Quadratic Equations

What is a Quadratic Equation?

A quadratic equation is a mathematical equation involving a quadratic form. This equation contains a variable with the highest power of 2. The general form of a quadratic equation is:

ax^2 + bx + c = 0

with the condition that $a \neq 0$ and $a, b, c$ are real numbers.

Origins of the Term "Quadratic"

The term "quadratic" comes from the Latin word quadratus, which means "to make a square." This relates to the geometric interpretation of the form $x^2$ which can be viewed as the area of a square with side length $x$ .

How to Solve Quadratic Equations

Quadratic equations can be solved in various ways. Here are some commonly used methods:

Factorization

The factorization method involves breaking down the quadratic equation into a product of two linear factors.
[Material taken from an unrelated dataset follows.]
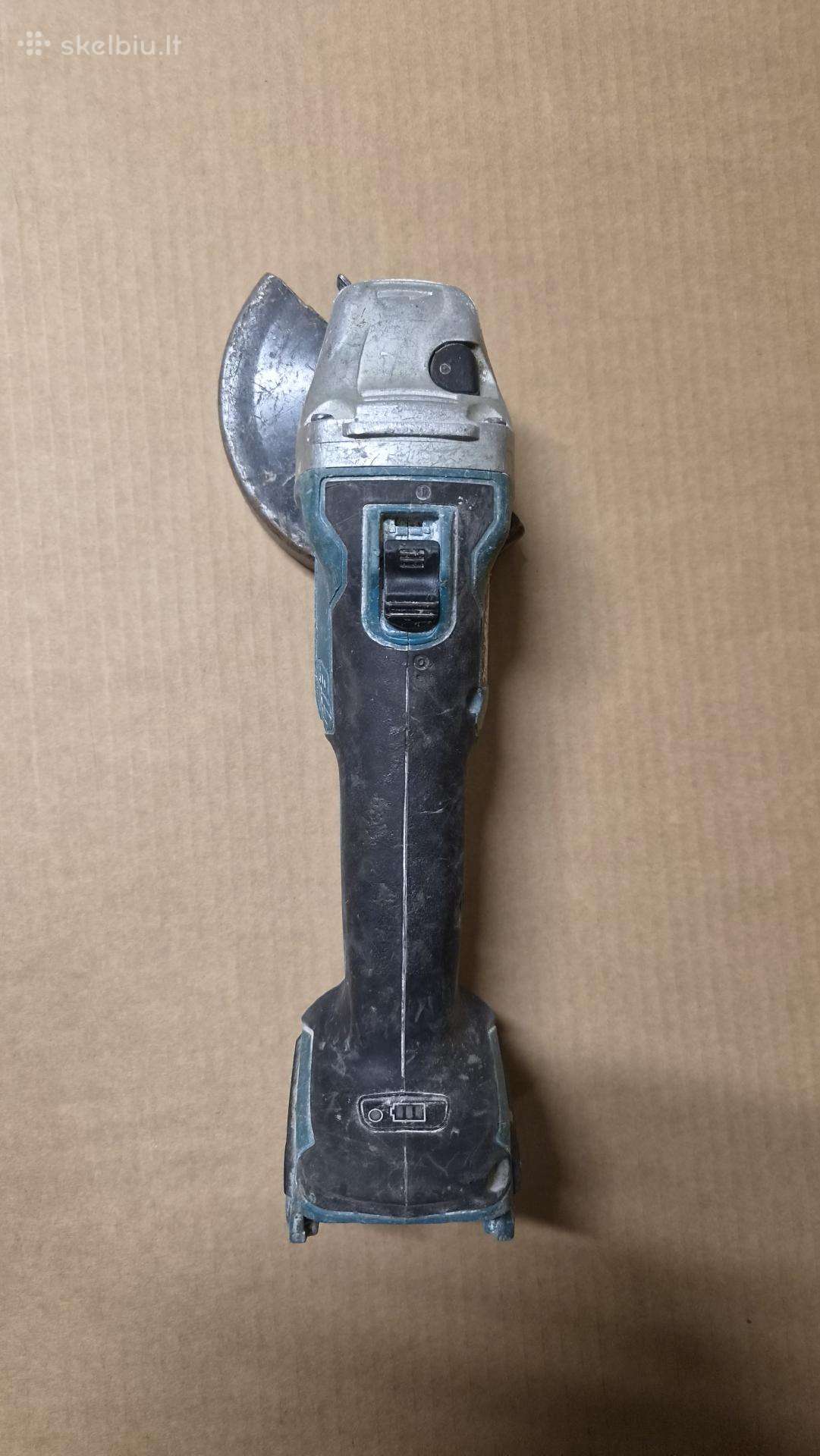 Makita bulgarkė Dga504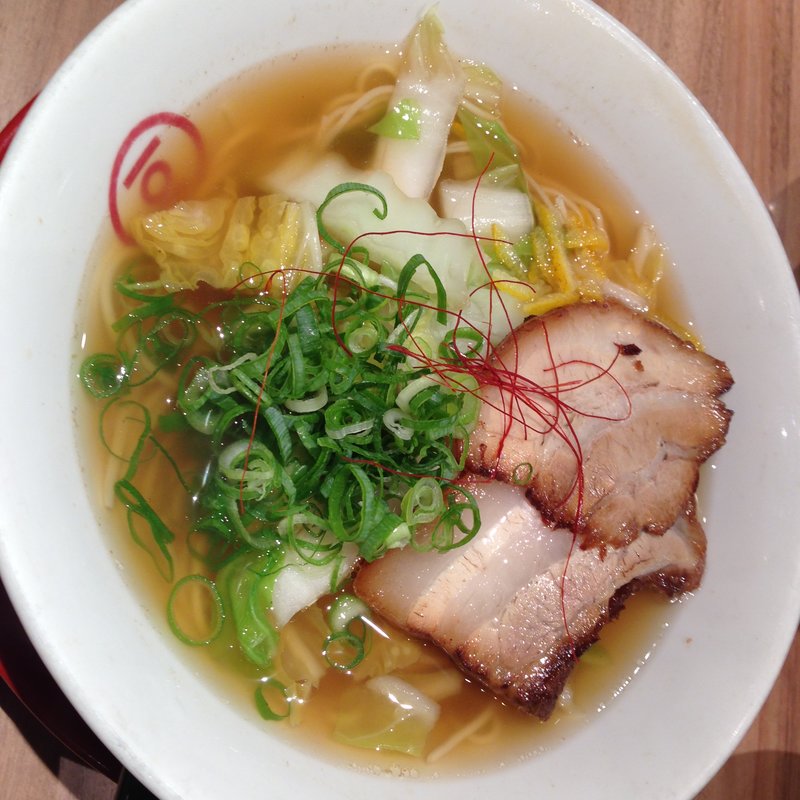 土庄（とのしょう）そば(小豆島ラーメンHISHIO 岡山駅前店 （ヒシオ）)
For example:

2x^2 - 3x - 2 = 0

(2x + 1)(x - 2) = 0

From the factored form above, we can get the solutions:

If $2x + 1 = 0$ , then $x = -\frac{1}{2}$
If $x - 2 = 0$ , then $x = 2$

Therefore, the roots of the quadratic equation are $x = -\frac{1}{2}$ or $x = 2$ .

Completing the Square

This method involves transforming the quadratic equation into a perfect square form.

Example:

2x^2 - 3x - 2 = 0

We divide all terms by 2:

x^2 - \frac{3}{2}x - 1 = 0

Move the constant to the right side:

x^2 - \frac{3}{2}x = 1

Add $\left(\frac{-3/2}{2}\right)^2 = \frac{9}{16}$ to both sides:

x^2 - \frac{3}{2}x + \frac{9}{16} = 1 + \frac{9}{16}

\left(x - \frac{3}{4}\right)^2 = \frac{16 + 9}{16} = \frac{25}{16}

\left(x - \frac{3}{4}\right)^2 = \left(\frac{5}{4}\right)^2

Therefore:

x - \frac{3}{4} = \pm \frac{5}{4}

x = \frac{3}{4} \pm \frac{5}{4}

x = 2 \text{ or } x = -\frac{1}{2}

Using the Quadratic Formula

For the equation $ax^2 + bx + c = 0$ , the roots can be determined using the formula:

x = \frac{-b \pm \sqrt{b^2 - 4ac}}{2a}

Example:

2x^2 - 3x - 2 = 0

With $a = 2$ , $b = -3$ , and $c = -2$ :

x = \frac{-(-3) \pm \sqrt{(-3)^2 - 4(2)(-2)}}{2(2)}

x = \frac{3 \pm \sqrt{9 + 16}}{4}

x = \frac{3 \pm \sqrt{25}}{4}

x = \frac{3 \pm 5}{4}

Therefore:

x = \frac{3 + 5}{4} = 2 \text{ or } x = \frac{3 - 5}{4} = -\frac{1}{2}

Formulating Problems as Quadratic Equations

Many real-life problems can be modeled using quadratic equations. Let's explore some examples:

Reading Room Problem

Four reading corners of the same size are created in a classroom measuring 4 m × 6 m. If each corner is a square with side length $x$ meters, then the remaining area of the room for arranging student seating is:

\text{Total area} - \text{Area of four corners}

4 \times 6 - 4x^2 = 24 - 4x^2

6 m

4 m

x

x

x

x

x

x

x

x

Problem of Multiplying Two Numbers

The product of two numbers is 63 and their sum is 16. We can solve this using a quadratic equation.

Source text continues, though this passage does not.